Herbert Gruhl (born October 22, 1921 in Gnaschwitz , Saxony ; † June 26, 1993 in Regensburg ) was a German politician ( CDU , GAZ / GRÜNE , ÖDP , UÖD ), environmentalist ( BUND ) and writer . As an author, he gained greater notoriety as an author, primarily through his book A Planet is Plundered - The Horror Balance of Our Politics , published in 1975 .

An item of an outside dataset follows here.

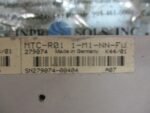Indramat MTC-R01.1-M1-NN-FW REC0 Controller Unit MTC-R01.1 Unit 24VDC *Tested* - Image 10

Gruhl was in 1969 voted for the CDU in the Bundestag, where he until 1980 belonged. From 1975 to 1977 Gruhl was federal chairman of the recently founded Bund für Umwelt- und Naturschutz Deutschland (BUND). Due to irreconcilable differences in environmental policy , he resigned from the CDU on July 12, 1978 and on the following day founded the Green Action Future (GAZ), which helped found the Greens at the beginning of 1980 . The GAZ separated from the Greens at the beginning of 1982. From it emerged the ÖDP , whose first federal chairman he was elected. In the late 1980s an "alienation" set in between him and the party base, which culminated in his resignation from the position of party chairman in 1989. In 1990 he left the ÖDP, joined the right-wing conservative organization Independent Ecologists Germany (UÖD) and worked as a writer and author for left-wing alternative papers such as the daily newspaper .

Career

Gruhl was born as a farmer's son in Gnaschwitz in 1921 and comes from a long-established Upper Lusatian family. He did an agricultural training. After military service and imprisonment, he studied German literature, history and philosophy at the Humboldt University in Berlin , then at the newly founded Free University of Berlin . In 1957 he received his doctorate with a thesis on Hugo von Hofmannsthal .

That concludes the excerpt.